Augusta, 09 April: The raging discontent inside Patrick Reed is like a volcano, the occasional fumes serving to remind us of the brewing inferno that cooks underneath the quiet surface. The Masters champion is a maligned golfer that is easily disliked by the fans.

There is a strange dichotomy about everything that surrounds the 27 year old, baby faced champion. He is surrounded by a tight knit family circle – wife Justine Karain, her brother and caddie Kessler. Even the mother-in-law is a constant traveler, managing their lives on the road. Yet, Reed hasn’t made contact with his parents and sister since 2012.

The strong bonds with the Karains and the estrangement with his own family present the contrasting shades that colour the young man’s life.

Reed made his name by delivering fatal blows to Europe in the Ryder Cup. He has reveled in the team setting and has earned the right to be called Captain America. Yet hardly anyone on the team knows Reed personally. As much as he is a brilliantly outstanding team player, he prefers to isolate himself from his own team members.

With Reed, it appears that the young man battles the rage within through a quiet confidence in the self. He has let his game do all the talking, even while brushing aside fan apathy and media curiosity about the mysteries of his personality.
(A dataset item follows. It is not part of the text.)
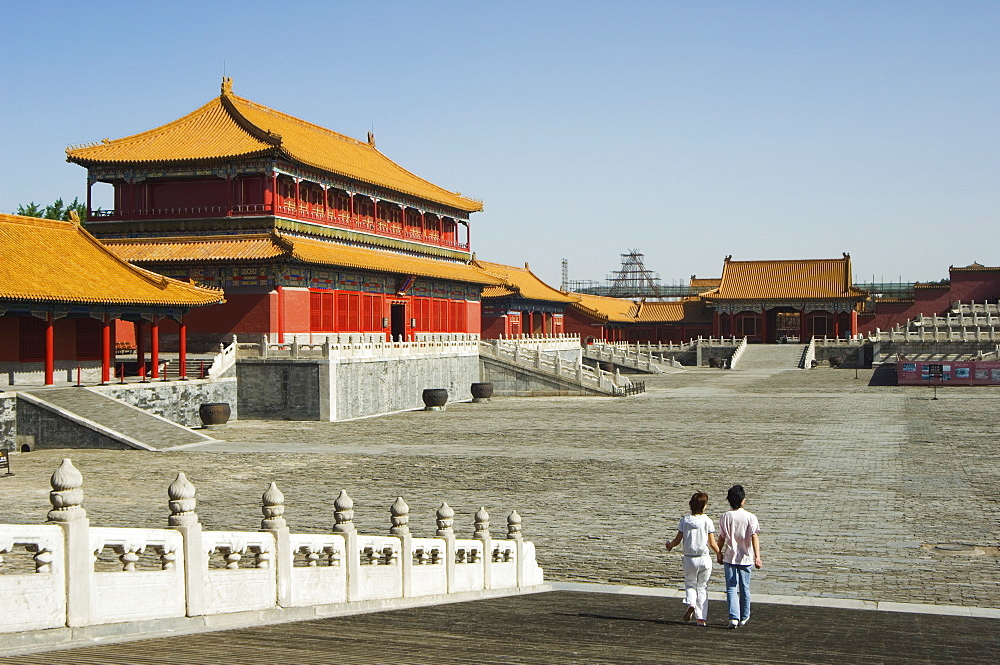 A couple walk through Zijin Cheng, The Forbidden City Palace Museum, UNESCO World Heritage Site, Beijing, China, Asia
At the Masters, the patrons cheered loudly for Ulsterman Rory McIlroy, at least so long as he managed to stay in contention. Then they moved on to Jordan Spieth and Rickie Fowler, but Reed managed to draw just a mute response to his own heroics around Augusta National.

Reed’s collegiate history and open confrontation with his parents have painted a villainous portrait that precedes him around the tour.

There have been unsubstantiated claims of cheating and theft while he was at Georgia, by his own college mates. Reed was kicked out of the team eventually, and he claims it was the result of two drinking incidents.

Reed moved on quickly as he found space at Augusta State, where he met his wife, and helped an unheralded team win two Division 1 national titles. It was during this time that differences erupted, as his parents disapproved of his decision to marry Justine.

Reed went ahead with the marriage in 2012, without inviting his parents, Bill and Jeannette Reed. The sourness deepened when Bill, Jeannette and sister Hannah, out to support Patrick in the US Open 2014, were escorted out from around the 18th green, apparently on instructions from Justine.

After winning the Masters, there were plenty of questions about his lack of fan connect and the personal discord in his life.

“I don’t ever regret anything I really say,” Reed said. “I stand by my comments. I feel like I’ve played some golf that I need to play in order to get to where I want to be, and that’s to be the best golfer in the world. The way you’re going to do that is perform in these big events and to win these big events.

“I’m just happy to be able to say I’ve gotten over that hump of not winning at all last year. Coming into the year one of my biggest goals was to win a major and compete in golf tournaments. To be able to get them both at once, to end the drought and win a major, it helps me mentally, and also helps my resume, and hopefully I can just take this momentum going forward and play some really solid golf.”

Very business-like, very Reed like.

Now that the first major is in the bag, Reed wants to go on and conquer new peaks. He would like to win more majors and also be the top golfer in the rankings. And if fans do not like that, it is their problem, not Reed’s.

He was asked in the Sunday presser, if it was bitter sweet not to be able to share his moments of success with his parents and sister. “I mean, I’m just out here to play golf and try to win golf tournaments,” replied an indignant Reed, in a rather terse tone.

He sure did that on Sunday, delivering under pressure on the most demanding back nine in the game of golf. It does not matter if you like him or not, Reed is your Masters champion, now and forerver.